**Aim of the exercise:** Restate, word for word and with no pictures, the stretch of lines in the data below that begins at the line with "One Line puzzle" and ends at the line with "8026 black yellow TKN/;", inclusive.

**Records for this exercise:**
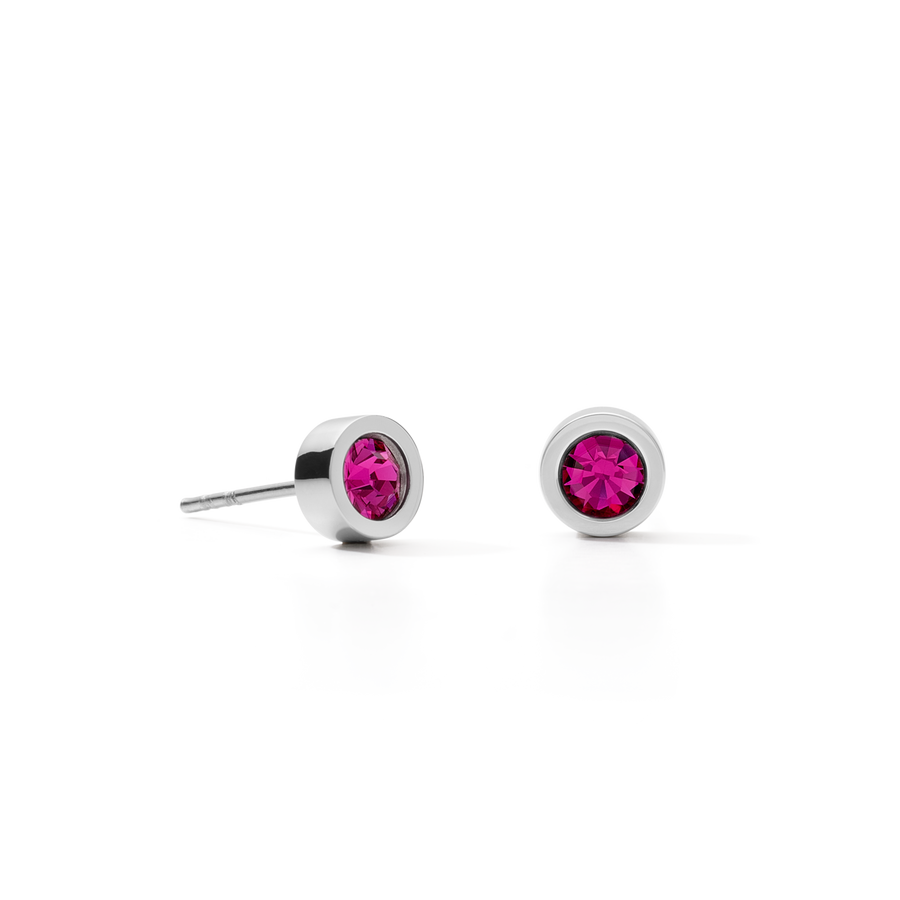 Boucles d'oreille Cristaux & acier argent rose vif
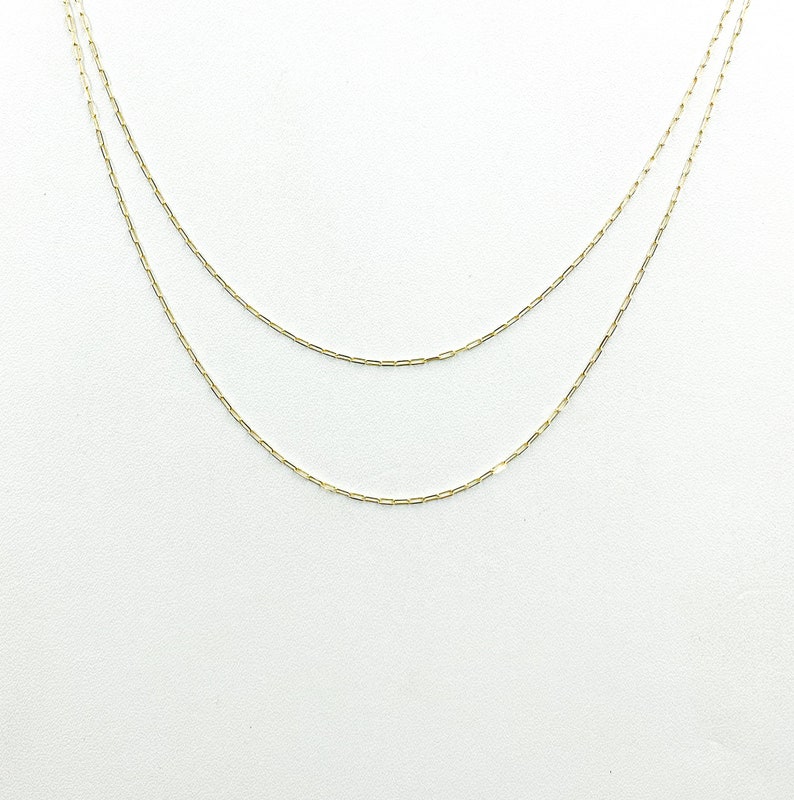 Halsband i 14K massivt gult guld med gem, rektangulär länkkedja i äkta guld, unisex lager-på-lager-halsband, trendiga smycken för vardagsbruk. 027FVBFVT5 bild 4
...
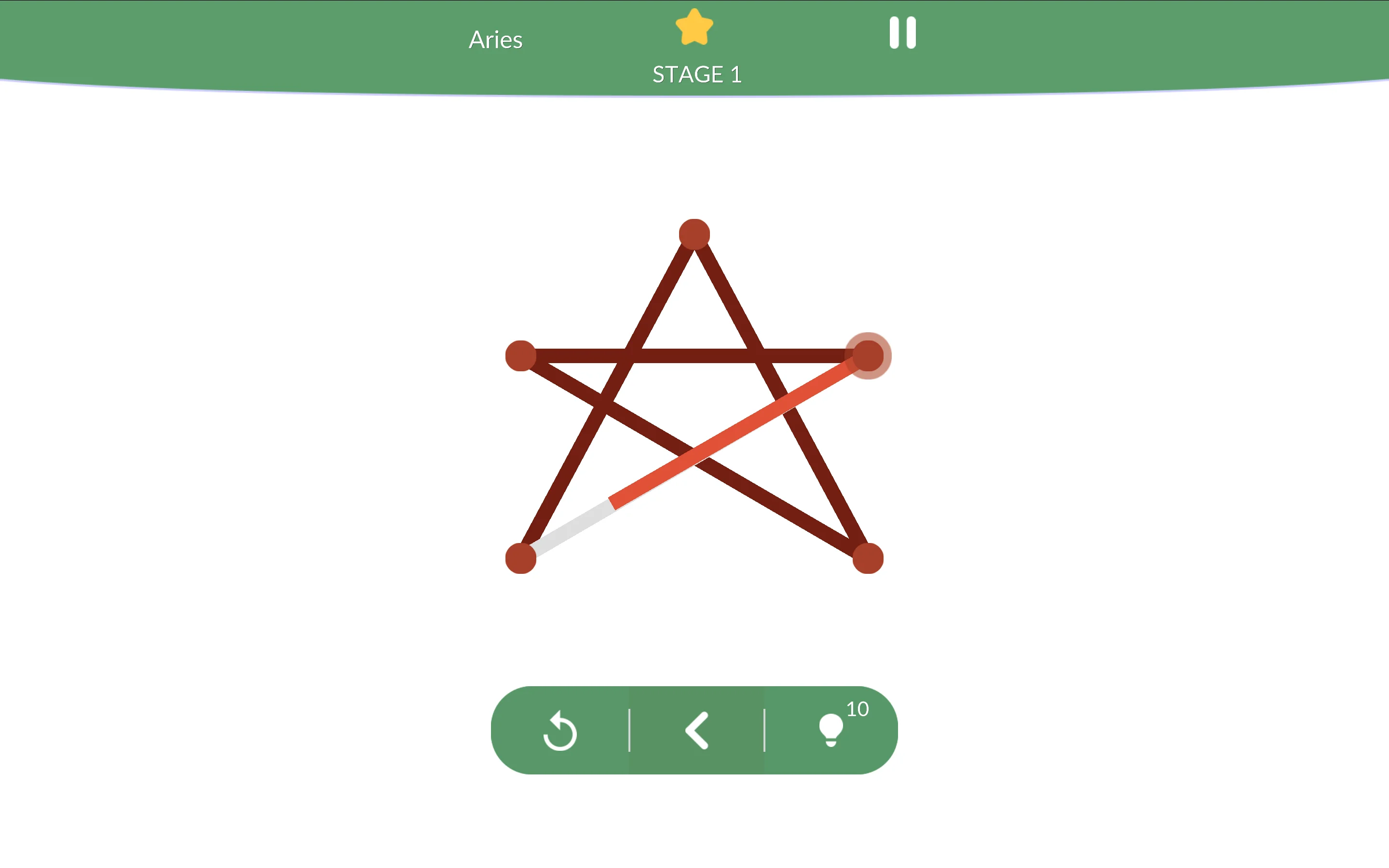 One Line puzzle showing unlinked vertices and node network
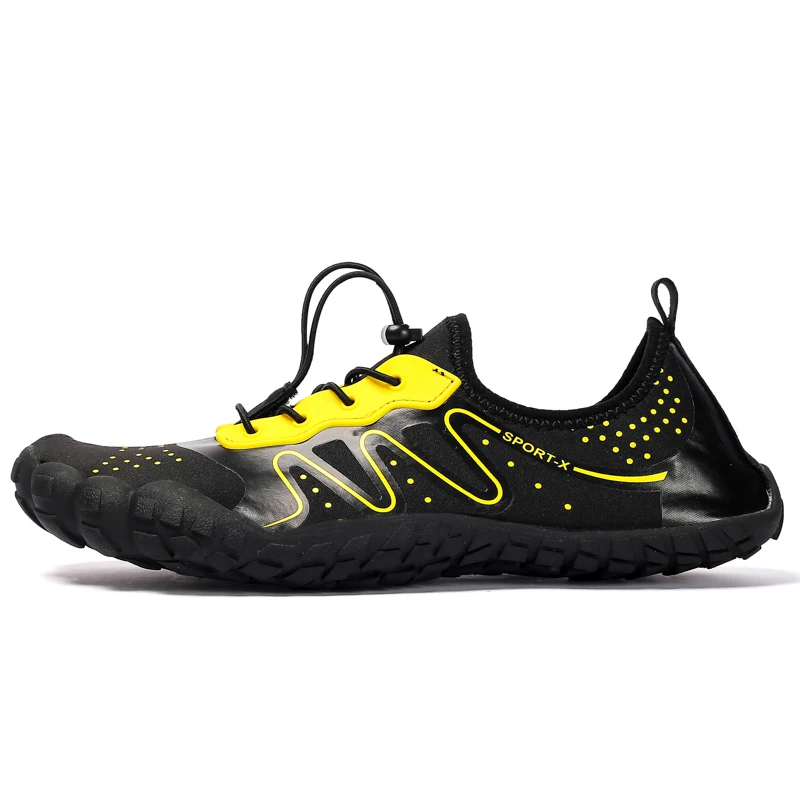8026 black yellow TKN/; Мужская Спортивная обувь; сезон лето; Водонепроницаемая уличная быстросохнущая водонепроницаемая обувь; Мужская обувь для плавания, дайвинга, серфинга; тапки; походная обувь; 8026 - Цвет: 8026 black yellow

**Written reply:**
 One Line puzzle showing unlinked vertices and node network
8026 black yellow TKN/; Мужская Спортивная обувь; сезон лето; Водонепроницаемая уличная быстросохнущая водонепроницаемая обувь; Мужская обувь для плавания, дайвинга, серфинга; тапки; походная обувь; 8026 - Цвет: 8026 black yellow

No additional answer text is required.